With so much talk of green pathway out of our problems, Sean Roberti looks at how this would work in practice.
Apart from the ‘Dot-Com’ bust in 2000, the last four major global recessions all followed a spike in oil prices. In July 2008, when prices surged to over $147 a barrel, transport and food prices around the world were pushed up. Central banks responded by raising interest rates, which burst a massive credit bubble and triggered the banking crisis. Two months later, Lehman Brothers collapsed. By the end of the year Europe and the US were in recession and unemployment was soaring. Because of the level of our dependence on oil, the next recession could be less than five years away.
Last year, Ireland’s greenhouse gas emissions fell by an astonishing 8%, the first fall in two decades. Don’t get too carried away though: much of this was due to the economic downturn. It included an amazing 20% drop in emissions from the industrial and commercial sector. We actually have a realistic chance of meeting our Kyoto targets for 2012.
There are some very exciting developments in green technology that could help Ireland recover from its current financial
difficulties. We have an unprecedented opportunity to turn our system around and become a thriving low-carbon economy. Enough wind blows over the Ireland to generate all of our electricity many times over. We could also earn massive amounts of money by exporting surplus electricity to the UK and mainland Europe.
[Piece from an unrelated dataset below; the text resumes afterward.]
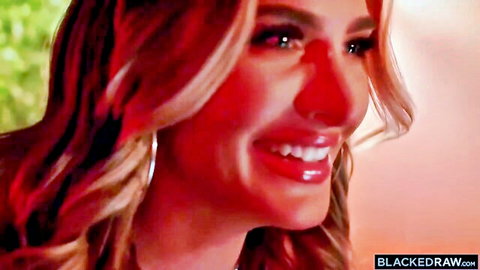 Smiling blonde beauty with glossy lips and hoop earrings closeup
The main problem we must first overcome is that wind is intermittent. There needs to be a way to store wind energy so that it can be used when the weather is calm. Fortunately, a group of volunteers with expertise in areas such as engineering and business have found a way to do this. The group, which call themselves ‘Spirit of Ireland’, suggest using surplus electricity to pump sea water into large U-shaped valleys on Ireland’s west coast. When the weather is calm, electricity can be generated by releasing this water through hydroelectric dams back into the sea. Some of the valleys are so big they could store enough energy to power the country for two and a half days.
This is not an empty or unrealistic vision. The group has researched its plan extensively and demonstrated its viability. To make it work, our electricity grid needs to be improved and dams need to be built along the U-shaped valleys to contain the water. We are one of the richest countries in the world in terms of wind energy potential per person. The wind that blows over Ireland could be worth tens of billions of euros per year, enough to pay off the Anglo debt in less than 18 months.
It is vitally important that we become less dependent on oil. If we don’t, we can expect serious economic problems in years to come, as petrol and diesel prices go through the roof and just about everything becomes more expensive. Nearly all of our cars today are powered by petrol or diesel. Green Party minister Eamon Ryan recently secured a deal to bring electric cars to Ireland. Nissan will supply its five-seater LEAF hatch back in early 2011. Renault will launch its light commercial Kangaroo Z.E. later in the year, and its Fluence Z.E. in early 2012. Over 2,000 electric cars are expected to be on the roads this time next year. As part of the deal, the ESB is installing 3,500 charging points nationwide by December 2011. The government is also offering a €5,000 grant to anyone who buys an electric car.
Eric Basset, managing director of Renault Ireland, explained: “Due to its relatively small size, Ireland is ideally suited for the introduction of electric vehicles and as a pilot for the rest of Europe. As the population of Ireland is predominantly centred around the major urban areas of Dublin, Cork, Limerick, Galway and Waterford, and with the average vehicle covering approximately 75 km per day, electric vehicles are ideally suited to address the every day needs of both private and business use.”
There’s another exciting development right here in Cork that could help millions of people worldwide to save money and cut their CO2 emissions. Avego is a software application that matches car drivers with passengers who want to travel on the same route. All a driver has to do is let the iPhone App run. Avego notifies the driver whenever someone nearby wants a lift. A passenger can book a ride any time using a computer or an internet enabled mobile phone. The ride is much cheaper than a taxi and the transaction is handled automatically by the software. Headquartered in Kinsale, Co. Cork, Avego has won some highly prestigious awards and is being piloted right here in UCC.